The interpretative ambiguities of the features included in the classification and the complexity of its compilation constitute the limits of the LI-RADS score, as they reduce the concordance between different radiologists, making it therefore still strongly operator dependent. Furthermore, in cases such as lymphoma or regenerative nodules, although correctly using the LI-RADS classification, it is often not possible to make a correct diagnosis, thus representing the weak point of the classification.

However, in the proposed experience, even if based on small cohort of patients, LI-RADS would have modified the treatment strategy in 4 cases (10%, 4/40), avoiding an unnecessary laparotomy in the case of FNH and extending the surgical gesture (with lymphadenectomy) for the three ICC.

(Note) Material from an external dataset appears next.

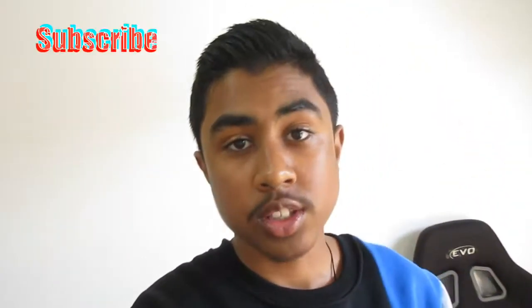Hey guys, welcome to another video of H2 Media Vlogs, my name is H2. Today's going to be an absolute blast. For a while now my house has really been mostly under construction — there's been so many things going on, one being my studio space and also my personal room.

These data are significant because underline how diagnostic imaging is crucial in the management of patient at risk of HCC and LI-RADS has become an additional diagnostic tool to be added to guide the therapeutic choices of surgeon and hepatologist. Minimizing errors, improving patient care and establishing a universal set of conventions for evaluating patient at risk of HCC, LI-RADS ensures radiologist value to the health-care team and strengthens communications among physicians, allowing more efficient multidisciplinary collaborations for research endeavors and quality assurance initiative.